Retyping should cover only the lines from the one containing "Peste 2.200 de" through the final line of the records, with pictures omitted.

Dataset items
______________________________

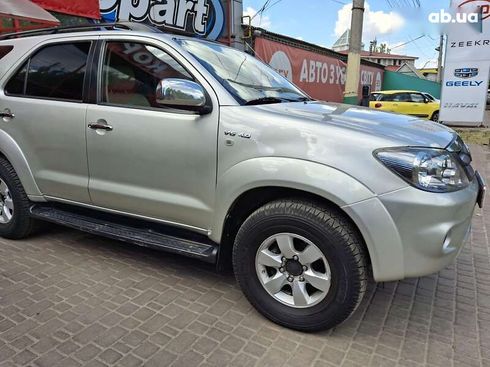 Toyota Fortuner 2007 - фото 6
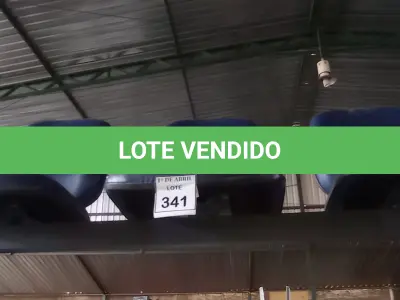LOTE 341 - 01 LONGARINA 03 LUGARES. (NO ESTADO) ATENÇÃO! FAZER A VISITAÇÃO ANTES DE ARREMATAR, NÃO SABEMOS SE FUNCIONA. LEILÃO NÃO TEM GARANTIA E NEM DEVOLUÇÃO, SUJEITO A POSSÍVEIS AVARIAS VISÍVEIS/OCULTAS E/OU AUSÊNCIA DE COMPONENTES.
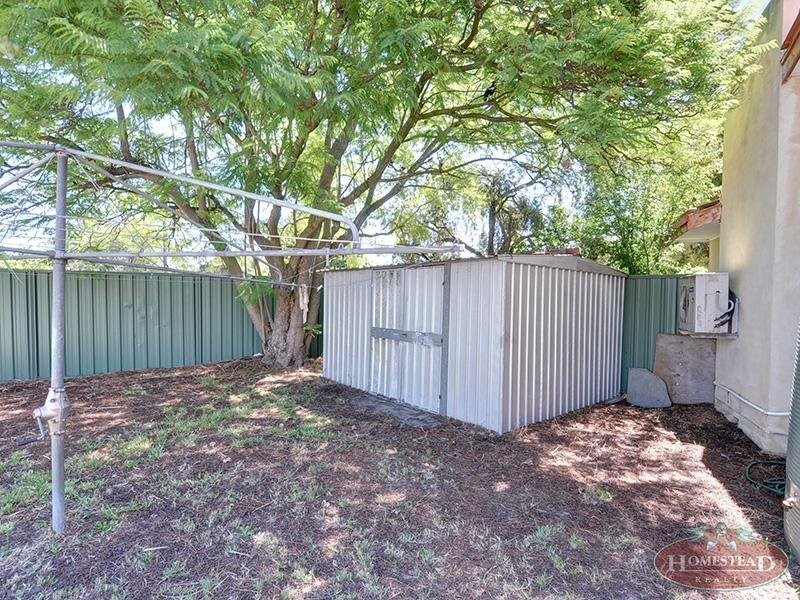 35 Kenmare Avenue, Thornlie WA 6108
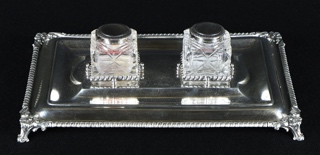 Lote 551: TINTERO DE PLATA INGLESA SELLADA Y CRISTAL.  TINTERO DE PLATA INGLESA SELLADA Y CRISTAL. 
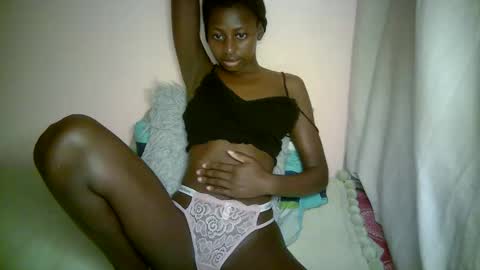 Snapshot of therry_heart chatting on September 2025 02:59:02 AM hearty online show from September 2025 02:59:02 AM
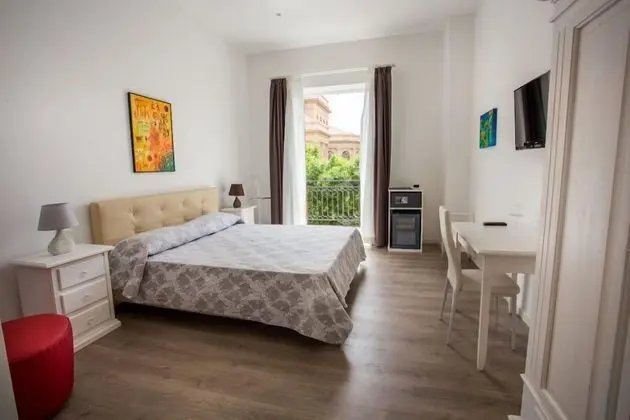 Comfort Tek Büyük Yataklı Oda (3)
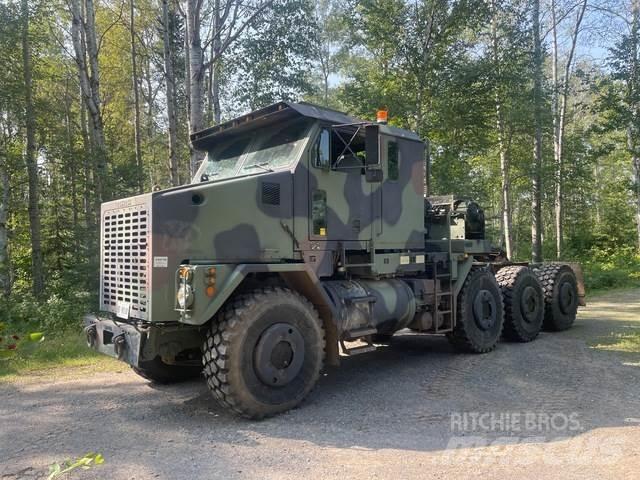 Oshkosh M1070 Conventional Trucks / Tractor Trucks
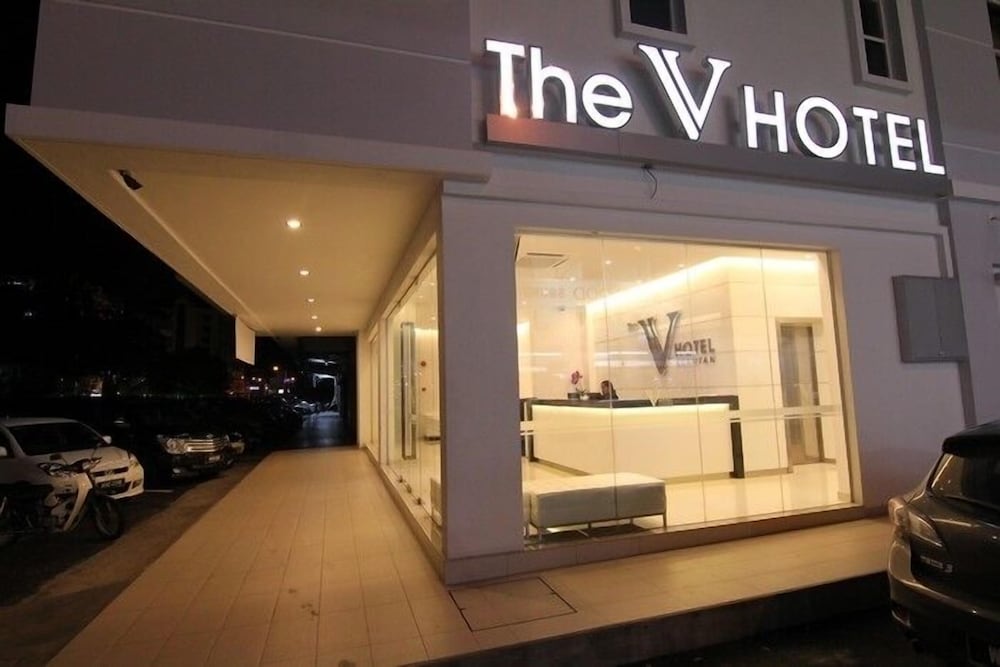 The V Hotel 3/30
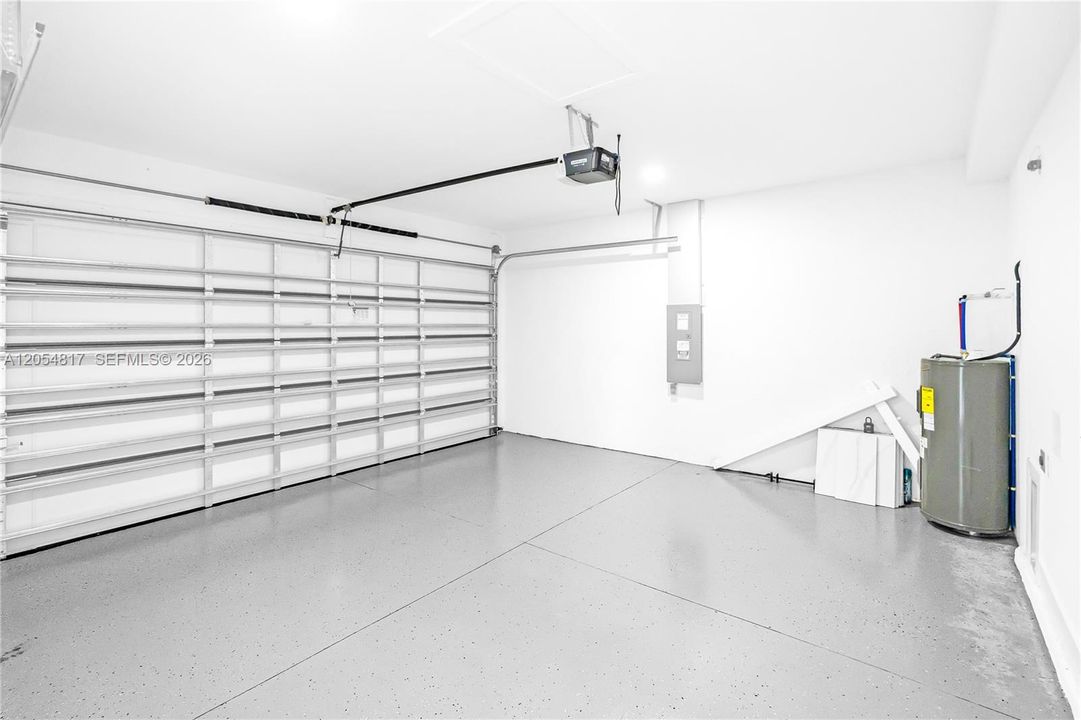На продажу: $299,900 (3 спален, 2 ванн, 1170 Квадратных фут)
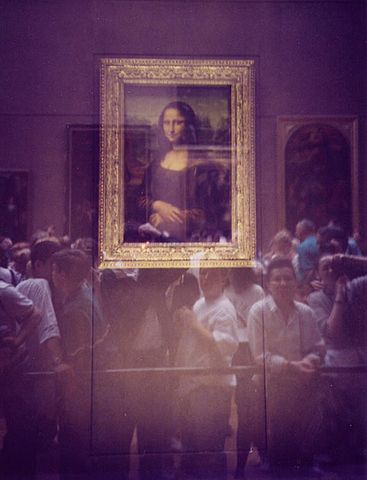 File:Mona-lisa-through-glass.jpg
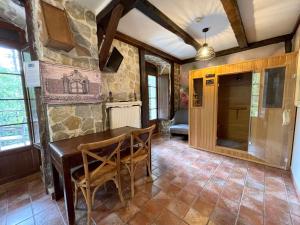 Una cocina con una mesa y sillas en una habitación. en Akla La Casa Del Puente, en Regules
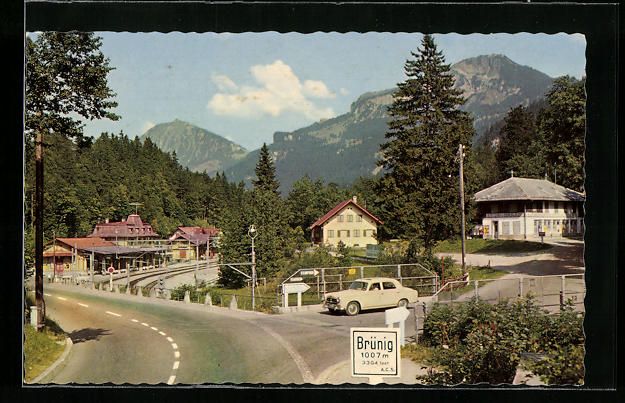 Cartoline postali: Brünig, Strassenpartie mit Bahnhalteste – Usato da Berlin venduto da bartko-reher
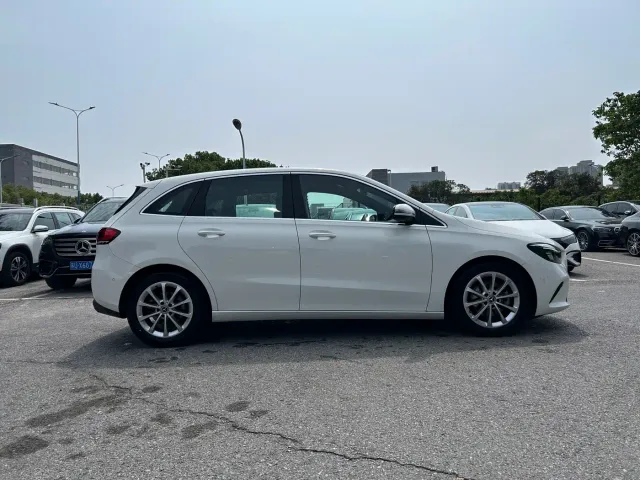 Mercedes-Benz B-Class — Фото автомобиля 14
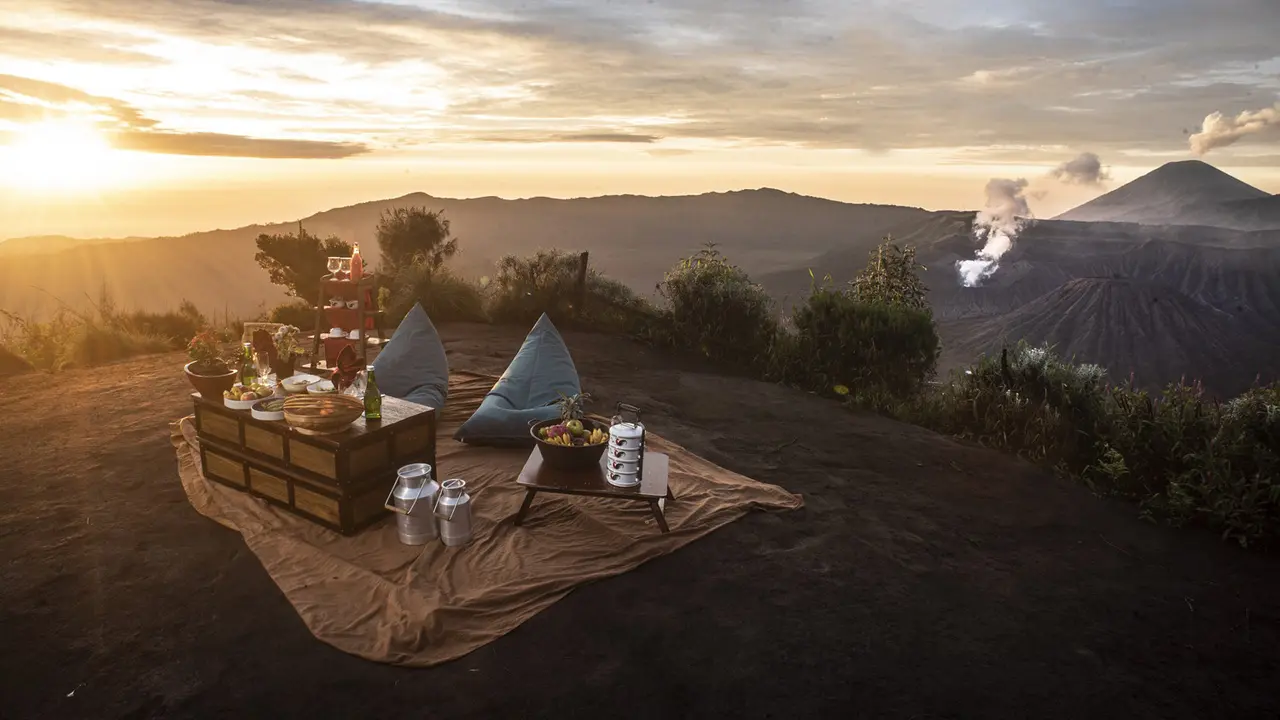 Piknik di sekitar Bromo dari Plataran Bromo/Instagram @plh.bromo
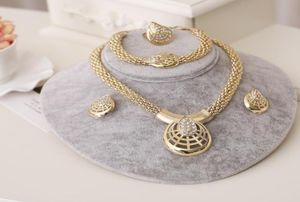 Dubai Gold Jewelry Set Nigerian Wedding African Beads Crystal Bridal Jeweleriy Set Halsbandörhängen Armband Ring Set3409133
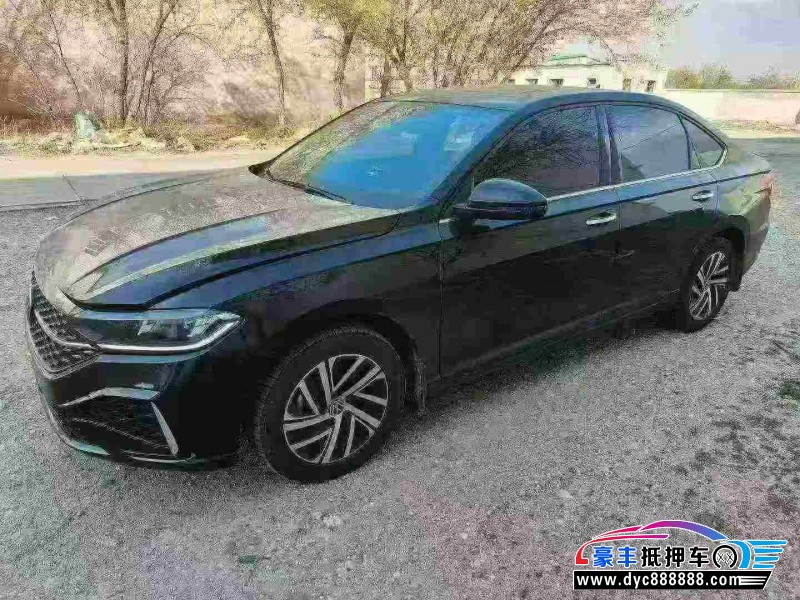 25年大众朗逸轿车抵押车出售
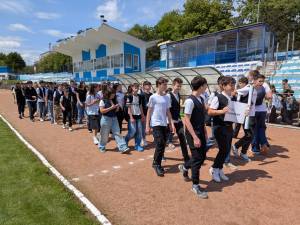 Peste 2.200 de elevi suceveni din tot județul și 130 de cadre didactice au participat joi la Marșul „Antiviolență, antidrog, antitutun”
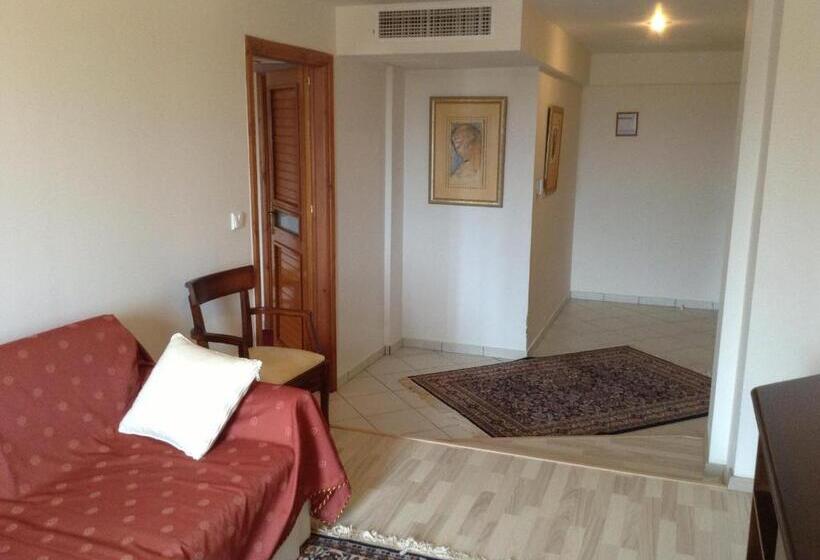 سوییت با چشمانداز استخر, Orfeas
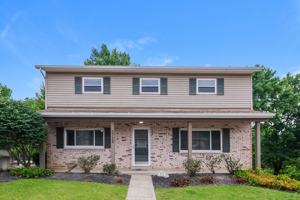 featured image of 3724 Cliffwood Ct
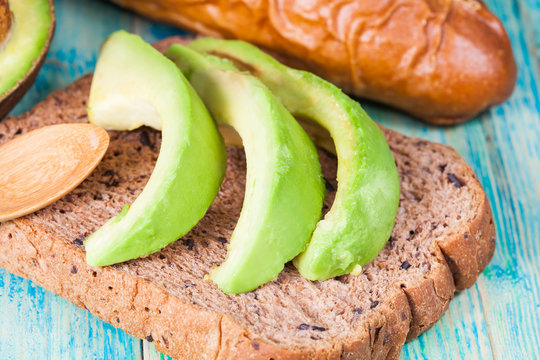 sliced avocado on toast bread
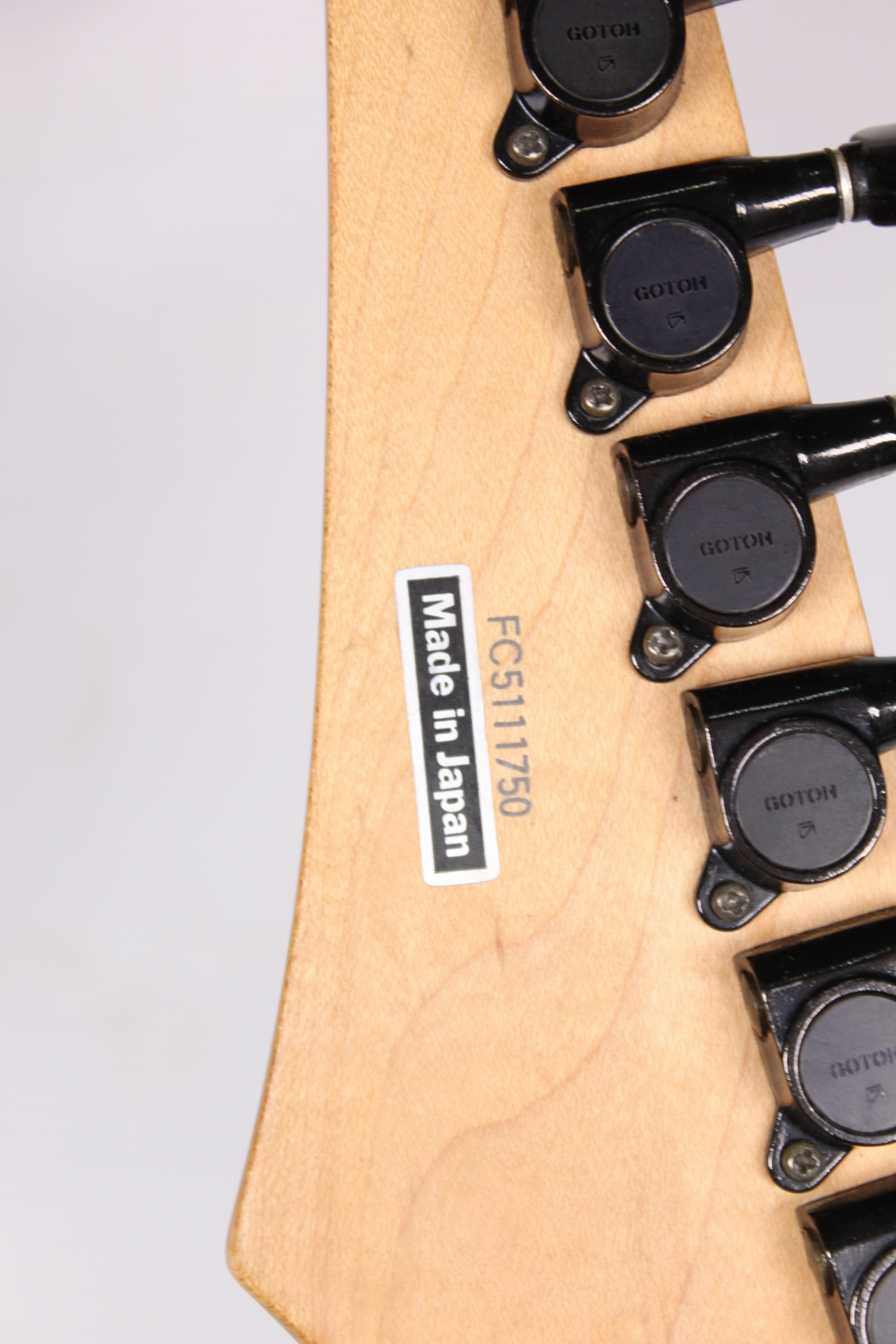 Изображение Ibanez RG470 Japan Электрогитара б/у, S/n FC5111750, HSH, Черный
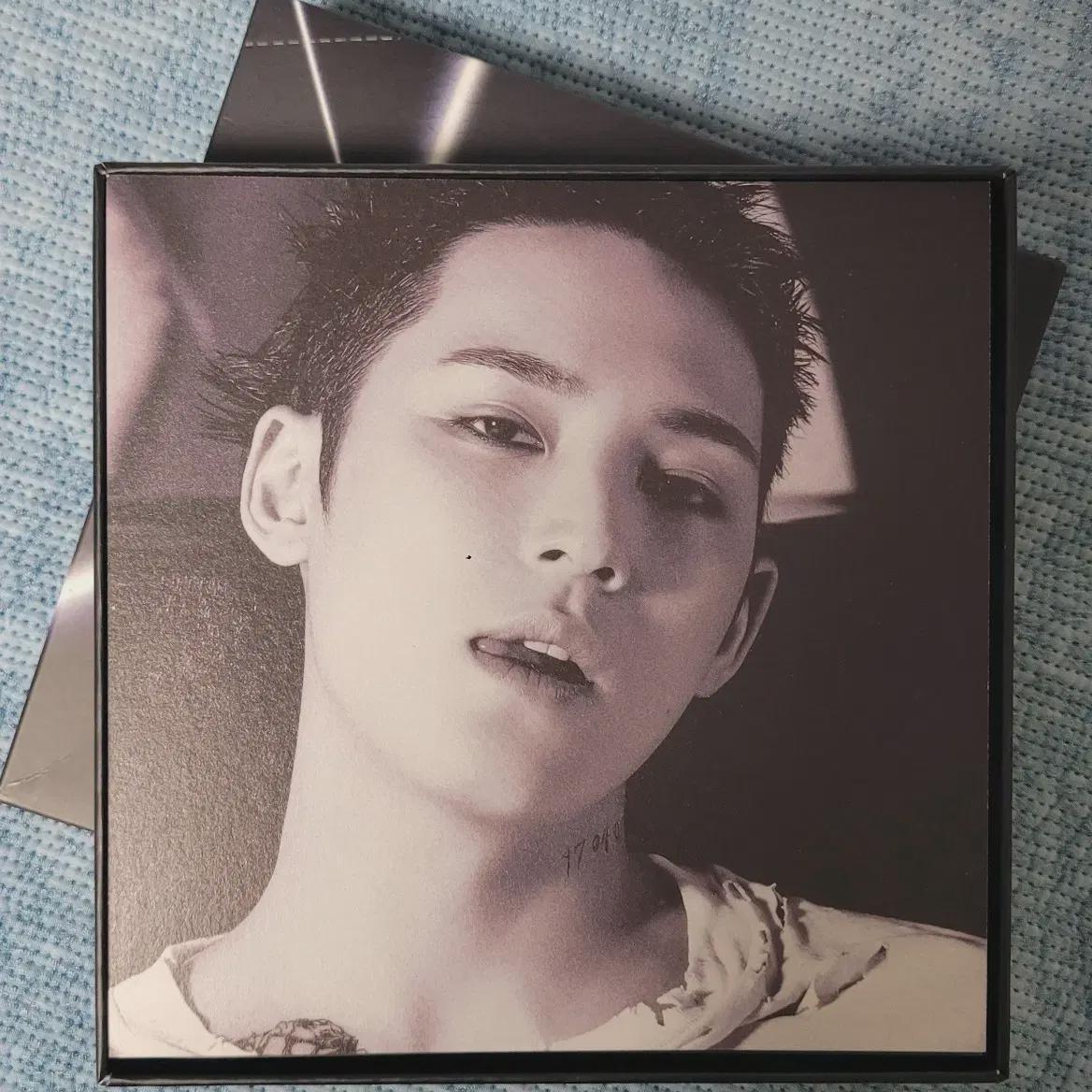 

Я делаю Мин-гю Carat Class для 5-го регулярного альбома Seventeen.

______________________________

Completed task:
 Peste 2.200 de elevi suceveni din tot județul și 130 de cadre didactice au participat joi la Marșul „Antiviolență, antidrog, antitutun”
 سوییت با چشمانداز استخر, Orfeas
 featured image of 3724 Cliffwood Ct
 sliced avocado on toast bread
 Изображение Ibanez RG470 Japan Электрогитара б/у, S/n FC5111750, HSH, Черный

Я делаю Мин-гю Carat Class для 5-го регулярного альбома Seventeen.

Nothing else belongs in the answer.